Earlier this week, the New York State Board of Regents, the highest education authority in the state, voted to make it easier for students with disabilities to graduate from high school.
The new regulation will require students with individualized education plans to pass two Regents exams, math and English, in place of the typical five required for graduation. Although they would still need to take the three additional exams – for social studies, science, and an optional subject – the district superintendent could still grant them a diploma if they did not pass the test given at the end of the year but had demonstrated proficiency in the topic through their completed coursework. In the event that this happened, students would earn a local diploma, accepted by colleges, the military, and employees, rather than the Regents diploma.
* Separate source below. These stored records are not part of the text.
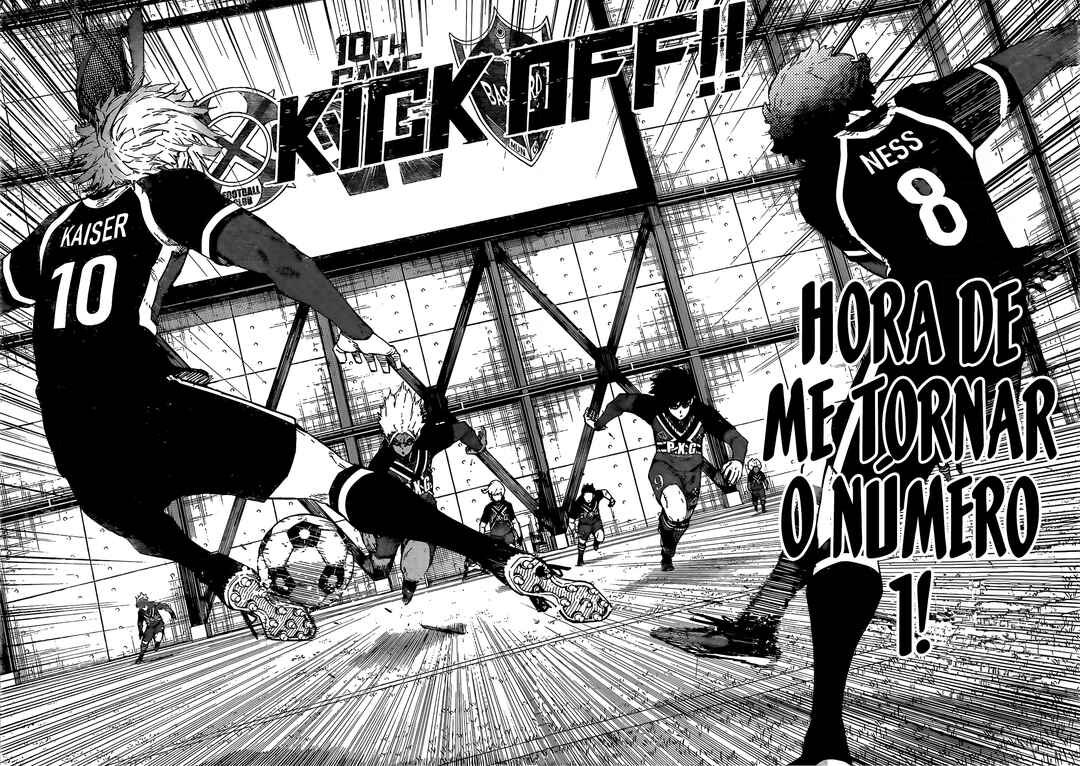 Read Blue Lock (pt) Manga Online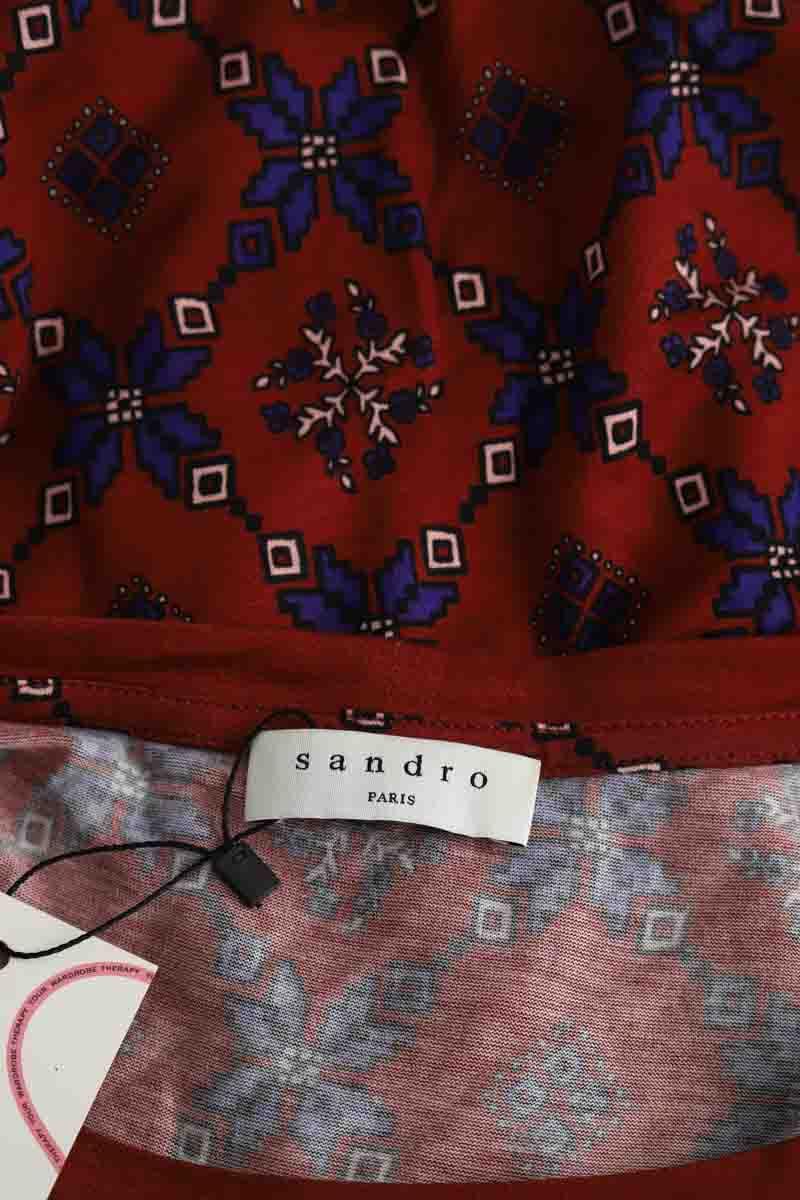 Top Sandro  Bordeaux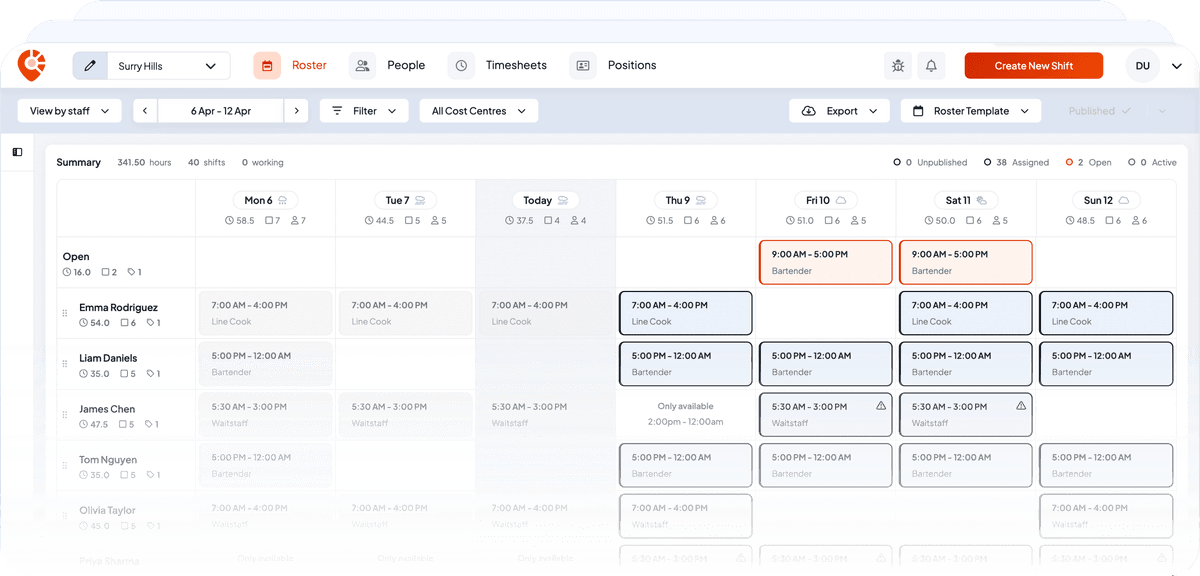 Shiftly Install Shiftly: Manage your team and fill every shift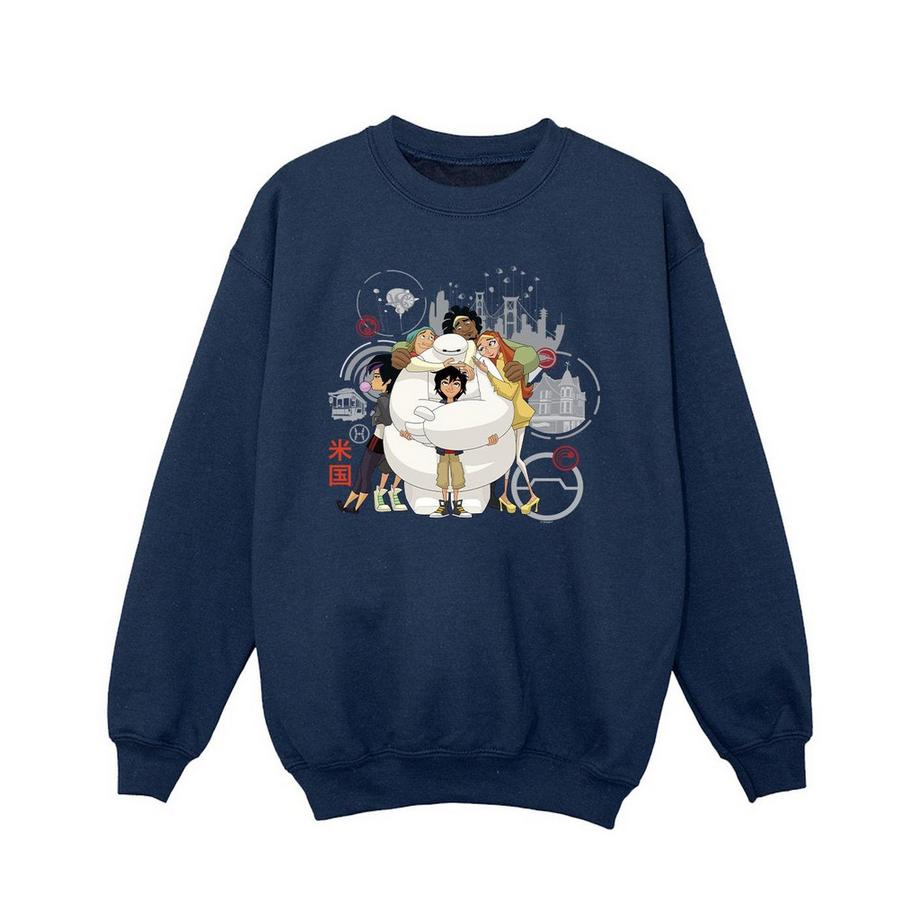 Disney  Big Hero 6 Sweatshirt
The regulation will go into effect immediately, offering students the ability to take advantage this year as schools prepare to begin administering the Regents exams this week. According to the chancellor of the Board of Regents, Betty A. Rosa, the Board of Education predicts the move will help between 1.300 and 2,000 students graduate this year alone, writes Kate Taylor for The New York Times.
The changes are part of a group of efforts made by New York policymakers over the last several years to help more students in the state graduate high school. The decision to eliminate the need to take several of the Regents exams is a significant one for the state, since one in every five students in New York City alone has a disability. Close to half of all graduates with disabilities chose to accept a local diploma this year.
“We know that all students are capable of achieving this accomplishment,” State Commissioner MaryEllen Elia said Monday. “It’s on us to offer them multiple pathways to do so, pathways that are rigorous.”
The efforts to increase the number of pathways students can take to graduate in the state have been in the works since 2012, when the passing score for Regents exams was raised to 65 from 55.
Students with disabilities have been carefully considered throughout the discussion, as only 40% of students with disabilities in New York City graduate within four years, with some educators and advocates arguing that the new standards could cause even further trouble for students with disabilities, writes Monica Disare for Chalkbeat.
However, not everyone approves of the recent move. Some are concerned that it could negatively effect students by reducing expectations.
“This does not sound like a step in the right direction to me,” said Mark Anderson, a special education teacher at Jonas Bronck Academy in a comment on a previous story about the change. “What sort of expectations are we conveying for success in academics if we make it ‘easier’ for some?”
Rosa has previously criticized what she considers to be an overemphasis on standardized tests in the evaluation of both teachers and students, announcing that the Regents would be taking closer look at graduation requirements in the state.
In a separate vote on Monday, the Regents approved a measure to allow school districts to apply for a waiver to one of the requirements of the teacher evaluation used in the state that asks teachers and principals be observed by independent evaluators in addition to their direct supervisors. The vote will allow the requirement to be waived as long as districts are able to prove that compliance with the rule would cause financial hardship, in addition to other conditions.